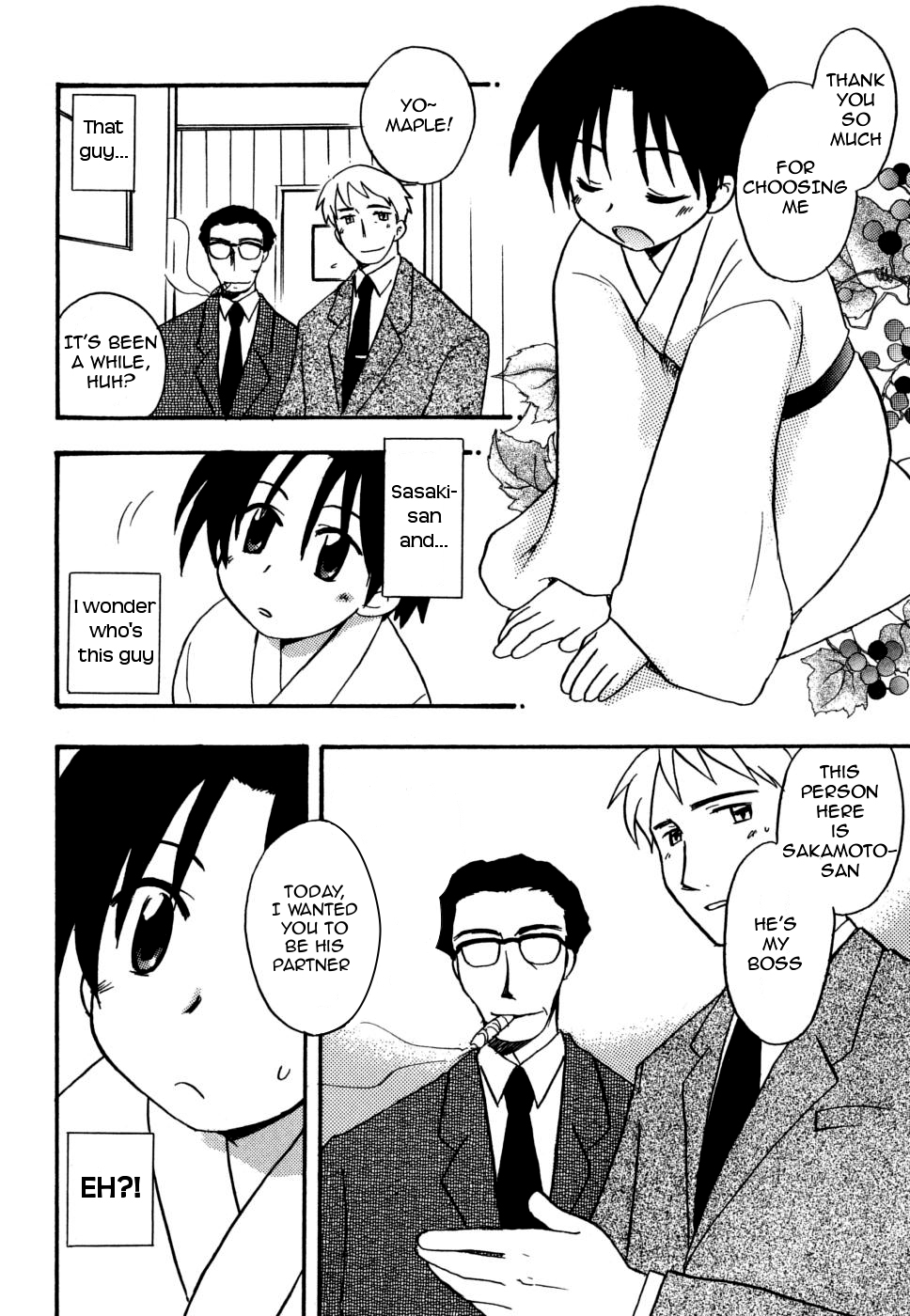 Hataraku Otokonoko | Working Boy page 4 full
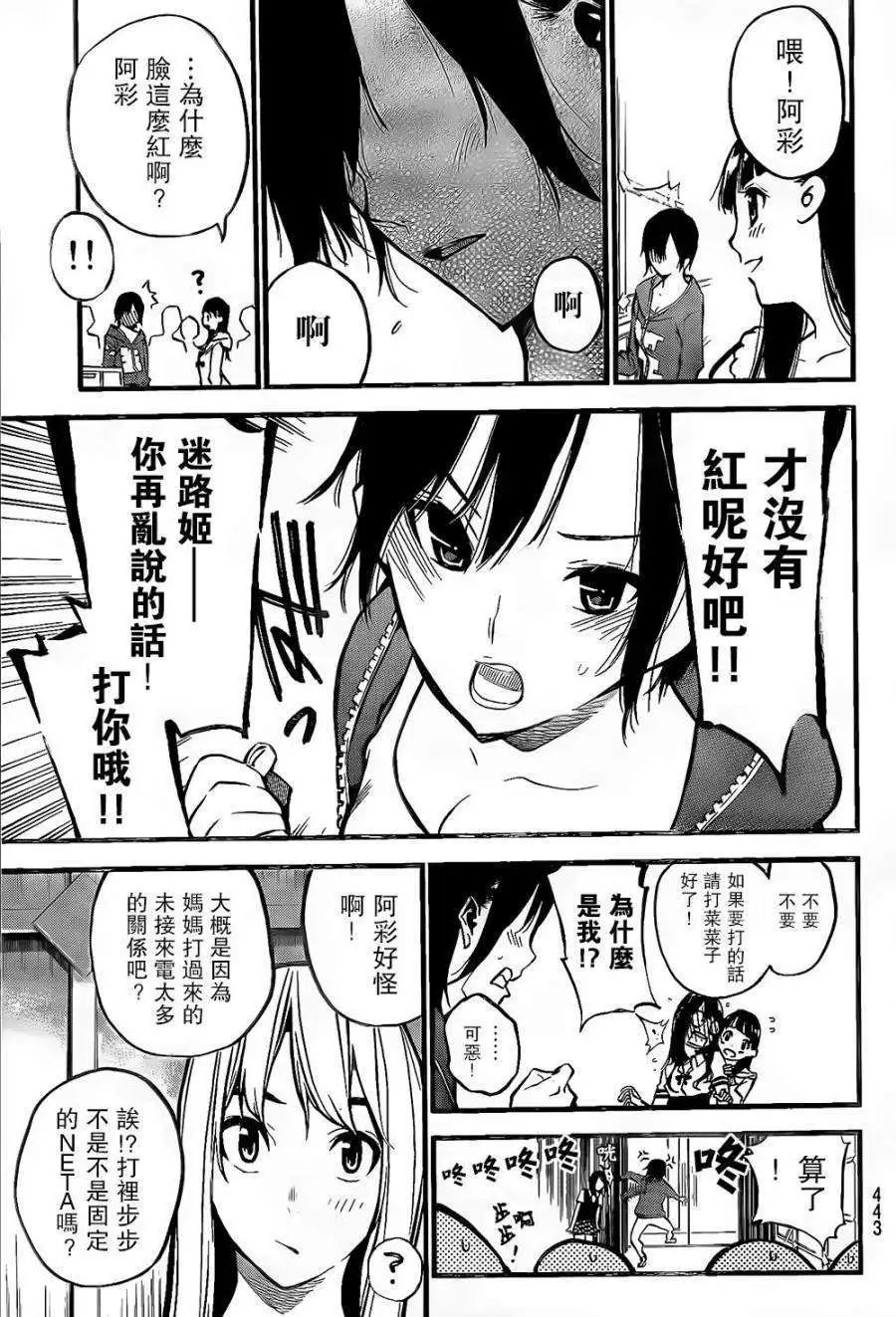 第144回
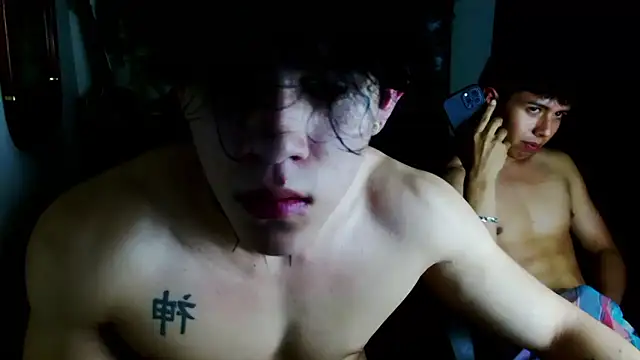 bigryuk0 online show from December 2024 08:05:01 AM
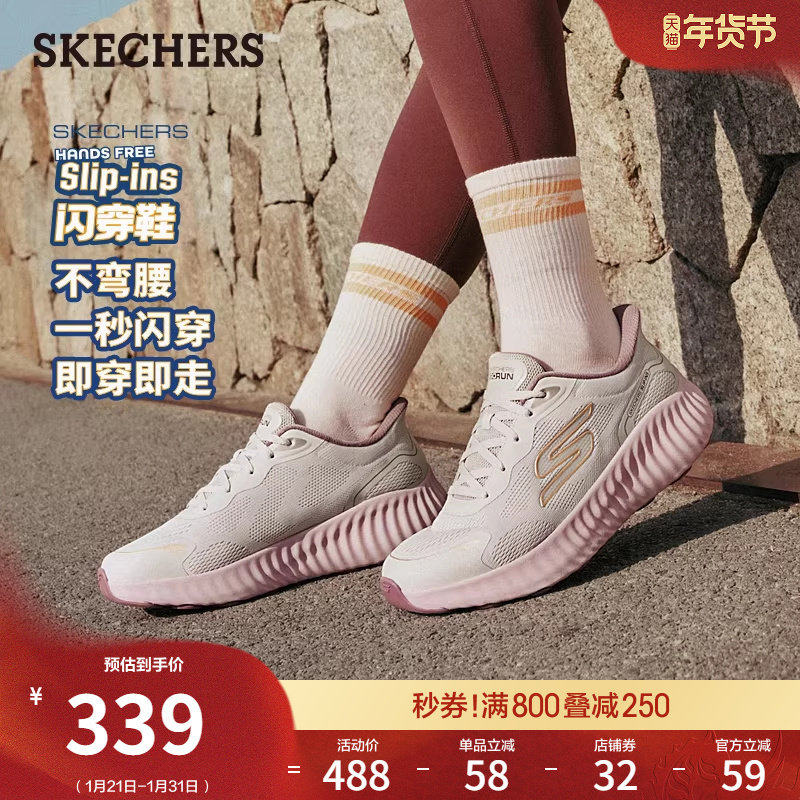 斯凯奇闪穿鞋跑步鞋流行春季时尚女鞋一脚蹬休闲运动鞋厚底软底鞋,女鞋,网面鞋,淘宝优惠券,粉丝福利购,淘宝优惠卷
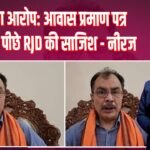 BJP का आरोप: आवास प्रमाण पत्र घोटाले के पीछे RJD की साजिश – नीरज | 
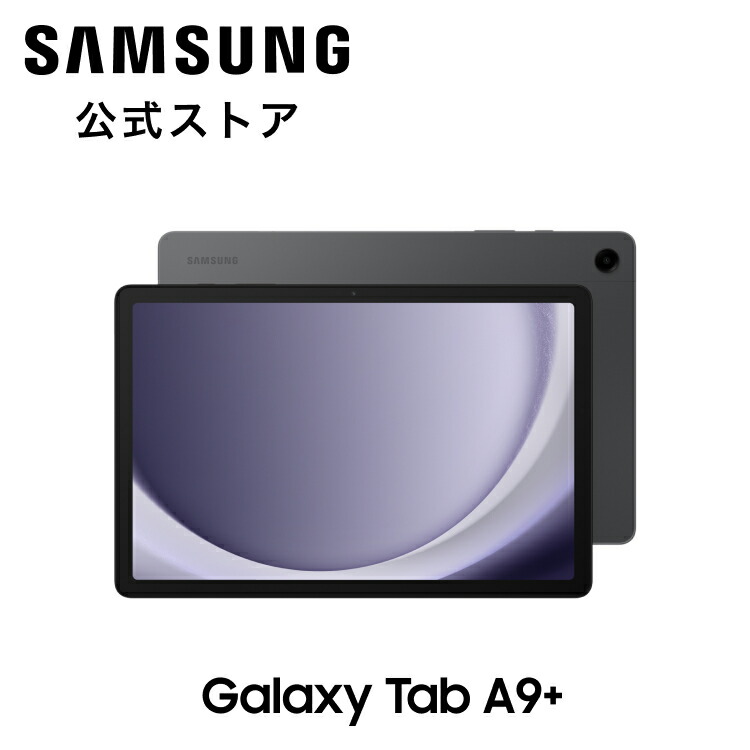 楽天市場】【Samsung公式】 Galaxy Tab A9+ （Wi-Fiモデル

WORK REQUEST
A word-for-word copy is needed of the lines from the line holding "bigryuk0 online show" through the end of the records, both included, excluding every picture.

OUTPUT
 bigryuk0 online show from December 2024 08:05:01 AM
 斯凯奇闪穿鞋跑步鞋流行春季时尚女鞋一脚蹬休闲运动鞋厚底软底鞋,女鞋,网面鞋,淘宝优惠券,粉丝福利购,淘宝优惠卷
 BJP का आरोप: आवास प्रमाण पत्र घोटाले के पीछे RJD की साजिश – नीरज | 
 楽天市場】【Samsung公式】 Galaxy Tab A9+ （Wi-Fiモデル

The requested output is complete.